As Minnesota’s microbrewery boom ripples outward from the core cities, suburbs are responding with mixed degrees of enthusiasm — eager for a piece of the urban vibe but navigating around issues such as odor, noise and competition with their own municipal liquor stores.
Shakopee and Eagan last week became the latest of several suburbs to open more parts of town to small-batch breweries with taprooms where customers can sample beer. Plymouth is pursuing similar changes, and Edina’s city manager tested the waters with residents this year.
“Suburbs see it as way of becoming more popular, drawing people, having some kind of night life,” said Bartley Blume, whose Bent Brewstillery began operating in Roseville this year. “The cities already have that.”
Both Shakopee and Eagan made overtures to Brooklyn Center-based Surly when the craft brewer with a cultlike following was looking for a second site last year. “They indicated that their search area would be closer to the central cities and or first-ring cities,” said Eagan Community Development Director Jon Hohenstein. Surly chose Minneapolis’ Prospect Park neighborhood, where it’s investing $20 million to build a “destination brewery” with a bar and event center.
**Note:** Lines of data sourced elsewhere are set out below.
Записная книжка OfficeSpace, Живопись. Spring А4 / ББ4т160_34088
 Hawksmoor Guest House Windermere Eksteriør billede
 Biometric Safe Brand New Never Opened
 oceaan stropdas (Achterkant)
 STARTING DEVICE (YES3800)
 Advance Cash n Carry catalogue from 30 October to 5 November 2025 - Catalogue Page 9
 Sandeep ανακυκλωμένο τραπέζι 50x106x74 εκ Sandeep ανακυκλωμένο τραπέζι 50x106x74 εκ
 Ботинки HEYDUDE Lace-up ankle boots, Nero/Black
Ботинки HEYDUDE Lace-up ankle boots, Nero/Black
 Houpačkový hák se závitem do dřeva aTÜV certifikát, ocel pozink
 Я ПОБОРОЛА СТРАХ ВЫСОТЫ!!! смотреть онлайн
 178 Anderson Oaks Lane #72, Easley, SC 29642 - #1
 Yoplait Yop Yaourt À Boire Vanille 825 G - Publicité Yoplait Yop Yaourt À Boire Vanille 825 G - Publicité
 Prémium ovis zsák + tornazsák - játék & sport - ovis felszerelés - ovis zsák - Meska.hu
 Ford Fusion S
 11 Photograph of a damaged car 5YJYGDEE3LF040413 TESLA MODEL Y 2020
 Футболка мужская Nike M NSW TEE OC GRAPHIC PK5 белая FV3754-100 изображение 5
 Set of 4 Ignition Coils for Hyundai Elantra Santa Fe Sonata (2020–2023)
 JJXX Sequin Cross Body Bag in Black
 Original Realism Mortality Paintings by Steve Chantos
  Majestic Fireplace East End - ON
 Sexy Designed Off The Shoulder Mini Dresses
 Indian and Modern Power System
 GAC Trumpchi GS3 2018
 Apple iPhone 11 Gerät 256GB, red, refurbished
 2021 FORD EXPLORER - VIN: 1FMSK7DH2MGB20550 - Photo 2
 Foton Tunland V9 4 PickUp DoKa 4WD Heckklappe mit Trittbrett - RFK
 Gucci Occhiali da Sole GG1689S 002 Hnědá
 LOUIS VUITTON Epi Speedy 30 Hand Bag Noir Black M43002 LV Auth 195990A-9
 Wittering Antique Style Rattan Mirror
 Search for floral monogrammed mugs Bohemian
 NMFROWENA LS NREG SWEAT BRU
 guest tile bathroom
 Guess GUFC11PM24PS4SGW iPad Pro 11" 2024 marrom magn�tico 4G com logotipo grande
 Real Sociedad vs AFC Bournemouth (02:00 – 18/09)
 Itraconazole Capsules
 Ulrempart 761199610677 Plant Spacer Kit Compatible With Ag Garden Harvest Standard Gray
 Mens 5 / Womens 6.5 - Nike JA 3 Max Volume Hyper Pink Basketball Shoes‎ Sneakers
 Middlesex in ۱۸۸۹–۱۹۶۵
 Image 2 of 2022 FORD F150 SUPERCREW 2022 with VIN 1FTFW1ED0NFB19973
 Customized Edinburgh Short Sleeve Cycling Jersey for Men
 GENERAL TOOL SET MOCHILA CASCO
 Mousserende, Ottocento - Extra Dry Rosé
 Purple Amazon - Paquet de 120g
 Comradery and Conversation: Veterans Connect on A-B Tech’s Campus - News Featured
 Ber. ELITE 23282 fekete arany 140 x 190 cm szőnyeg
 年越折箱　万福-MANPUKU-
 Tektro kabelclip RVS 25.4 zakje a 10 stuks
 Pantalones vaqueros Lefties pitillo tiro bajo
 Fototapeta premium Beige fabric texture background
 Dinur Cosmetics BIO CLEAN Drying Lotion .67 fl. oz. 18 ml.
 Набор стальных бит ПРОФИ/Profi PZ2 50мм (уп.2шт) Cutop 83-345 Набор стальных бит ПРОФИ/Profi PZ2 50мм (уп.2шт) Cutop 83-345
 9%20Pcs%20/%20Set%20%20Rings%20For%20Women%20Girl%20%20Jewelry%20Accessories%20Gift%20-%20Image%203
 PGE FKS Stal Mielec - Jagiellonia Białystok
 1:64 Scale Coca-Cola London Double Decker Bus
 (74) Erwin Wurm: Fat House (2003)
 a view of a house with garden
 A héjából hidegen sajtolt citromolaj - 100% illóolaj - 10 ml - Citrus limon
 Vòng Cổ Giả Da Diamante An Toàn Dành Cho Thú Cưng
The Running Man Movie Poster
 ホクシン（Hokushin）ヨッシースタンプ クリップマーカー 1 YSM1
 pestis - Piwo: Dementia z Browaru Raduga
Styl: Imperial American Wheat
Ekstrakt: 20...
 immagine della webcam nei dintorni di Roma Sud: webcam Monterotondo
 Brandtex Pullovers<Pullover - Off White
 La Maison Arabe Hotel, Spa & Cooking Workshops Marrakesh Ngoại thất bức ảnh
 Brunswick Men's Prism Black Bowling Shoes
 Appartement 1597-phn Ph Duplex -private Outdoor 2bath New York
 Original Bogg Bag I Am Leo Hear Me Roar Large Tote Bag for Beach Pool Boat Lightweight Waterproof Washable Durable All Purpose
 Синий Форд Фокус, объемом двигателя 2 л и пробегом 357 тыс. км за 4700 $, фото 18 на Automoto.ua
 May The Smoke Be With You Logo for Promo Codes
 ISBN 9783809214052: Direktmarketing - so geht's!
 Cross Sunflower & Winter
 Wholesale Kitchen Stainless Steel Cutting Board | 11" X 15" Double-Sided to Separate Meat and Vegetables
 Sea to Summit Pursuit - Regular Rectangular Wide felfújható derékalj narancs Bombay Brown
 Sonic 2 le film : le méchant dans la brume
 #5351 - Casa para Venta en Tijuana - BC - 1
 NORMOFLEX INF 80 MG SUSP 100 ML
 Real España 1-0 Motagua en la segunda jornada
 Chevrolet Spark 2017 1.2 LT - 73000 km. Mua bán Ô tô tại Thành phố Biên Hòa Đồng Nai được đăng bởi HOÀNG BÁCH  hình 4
The craft-brewing business in Minnesota has exploded since a 2011 change in state law allowing taprooms that serve beer on the same site where it’s brewed. The Minnesota Craft Brewers Guild has 45 member breweries, 10 more than a year ago and more than twice the number five years ago.
Suburbs generally have treated small-batch brewers like any other manufacturer, limiting them to industrial zones. Zoning changes mean they now could land in or near suburbs’ neighborhood retail strips, business parks and downtown business districts. Some cities are accommodating taprooms by relaxing rules requiring food sales at places that serve alcohol.
Zoning being revised
Now some suburbs are revising zoning and other rules before the next microbrewery plan comes along. “We didn’t want to be in a position of having someone ready to go and telling them it could take 10 to 12 weeks,” said Michael Leek, Shakopee’s community development director.
Not all communities are keen on luring would-be brewers. Apple Valley still points entrepreneurs toward industrial districts. “We don’t want to start zoning something that might not occur,” said Community Development Director Bruce Nordquist. It has had no takers so far.
And there’s a learning curve for communities that jump on the microbrewery bandwagon, getting their arms around a new breed of business that’s part manufacturing, part retail and part entertainment. One Shakopee council member asked about regulations to ensure products are not “moonshine.” An Eagan planning commissioner wanted to make sure his colleagues knew what a growler was (a glass or ceramic jug, usually 64 ounces, that transports beer).
Getting those and other questions answered was one reason Blume wound up in Roseville instead of in Arden Hills. He said the latter city was cooperative, but by the time it reviewed and approved its new rules, the property he wanted was rented to someone else. He’s sharing the facilities in Roseville with another small-batch brewery, hoping to eventually find his own spot someplace else.
“In this sort of business, once you’ve decided to do it, you want to get up and running as fast as you can,” Blume said. “Cities being proactive would definitely be a benefit.”
Some cities are finding it easier to do that because they’re modeling their rules on those in communities such as Excelsior that were among the first to approve microbreweries.
“We didn’t realize all the issues when we first started,” said Excelsior Brewing founder John Klick. “We were just guys starting a brewery who wanted to go into a cool town.”
No industrial zones in Excelsior
The situation in Excelsior was challenging because the city has no industrial zones and its downtown is very compact. “That’s what we were struggling with. How do you handle the manufacturing part?” said City Manager Kristi Luger.
“The odor thing was interesting,” said Klick of the city’s questions about unpleasant smells coming from the brewery. Klick and his partners compared it to a bakery or a coffeehouse. “It’s not like we were going to be refining oil,” he said.
Klick and his partners addressed other questions on noise from delivery trucks and outdoor storage areas for large drums of used grains.